Data supplied>
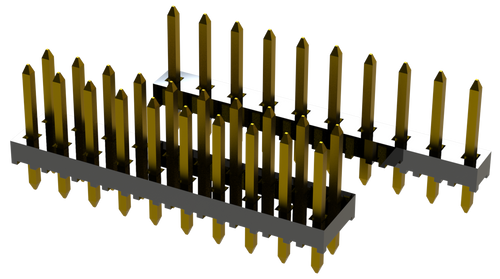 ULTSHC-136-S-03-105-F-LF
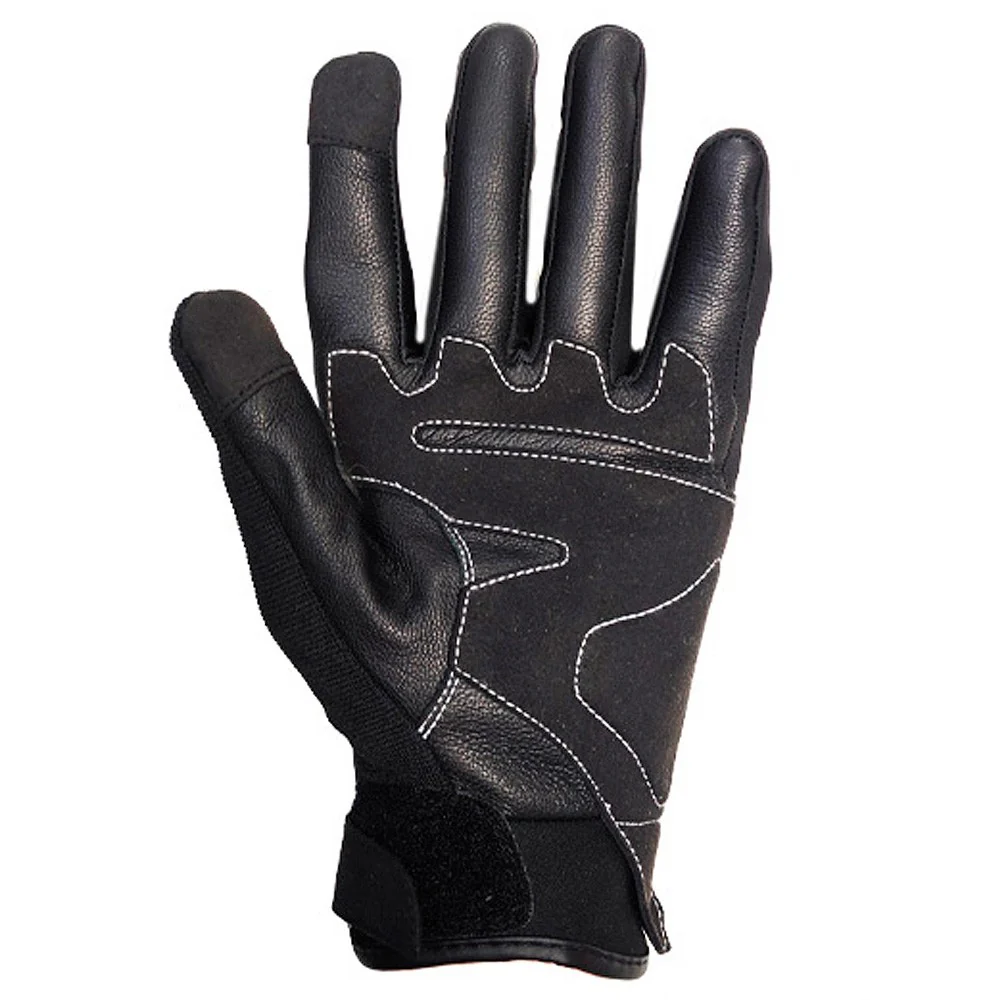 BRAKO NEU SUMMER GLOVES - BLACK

==

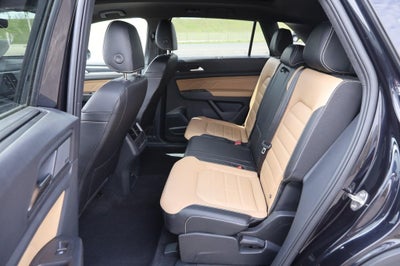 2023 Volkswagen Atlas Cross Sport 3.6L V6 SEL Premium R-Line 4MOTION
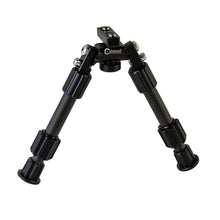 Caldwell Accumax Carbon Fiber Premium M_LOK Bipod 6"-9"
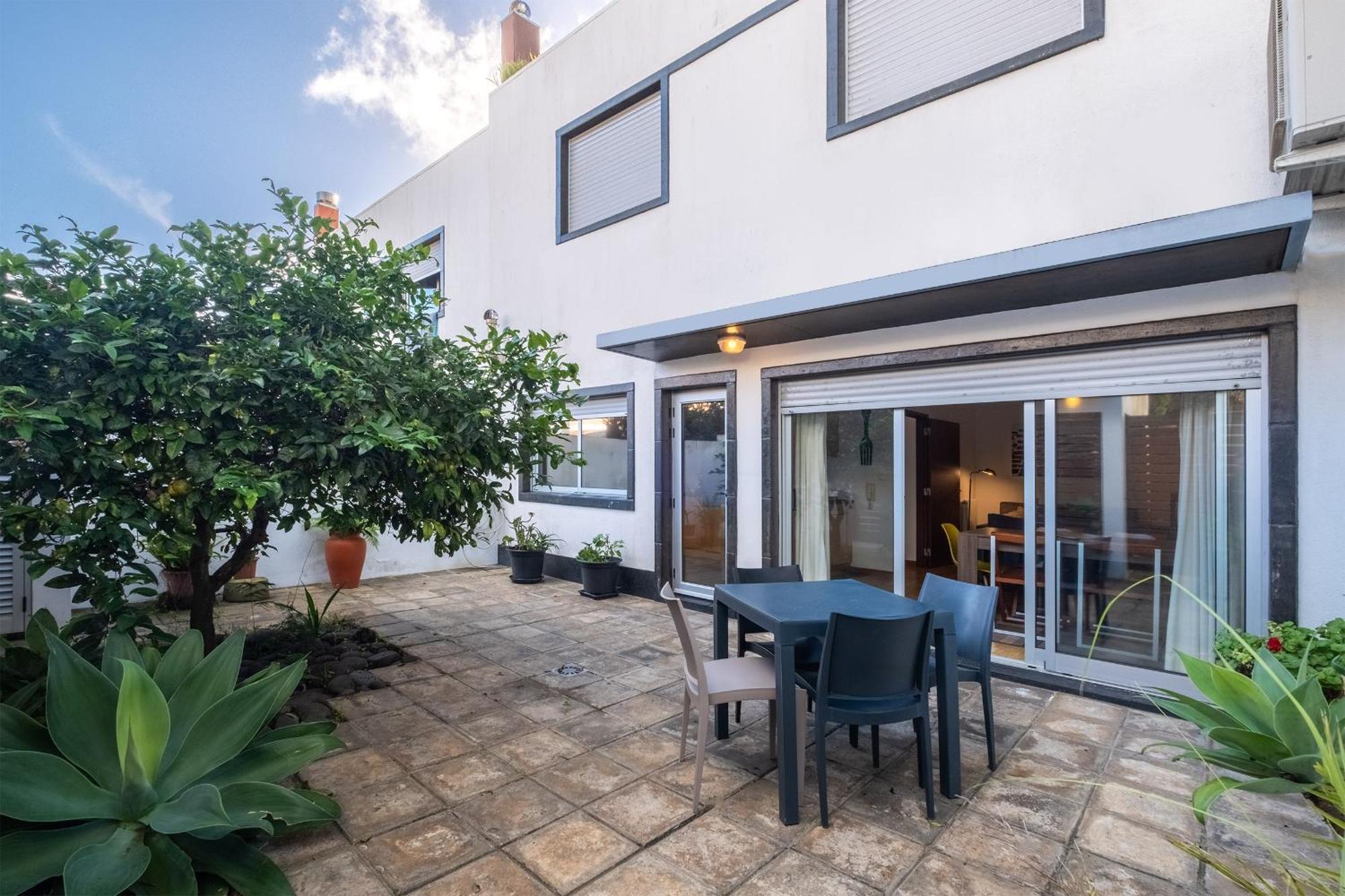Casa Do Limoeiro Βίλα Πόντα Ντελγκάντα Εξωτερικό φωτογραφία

What the task requires>
Return the material from the line containing "2023 Volkswagen Atlas" through the line containing "Casa Do Limoeiro", exactly and in full, but without its pictures.

Task result>
 2023 Volkswagen Atlas Cross Sport 3.6L V6 SEL Premium R-Line 4MOTION
 Caldwell Accumax Carbon Fiber Premium M_LOK Bipod 6"-9"
Casa Do Limoeiro Βίλα Πόντα Ντελγκάντα Εξωτερικό φωτογραφία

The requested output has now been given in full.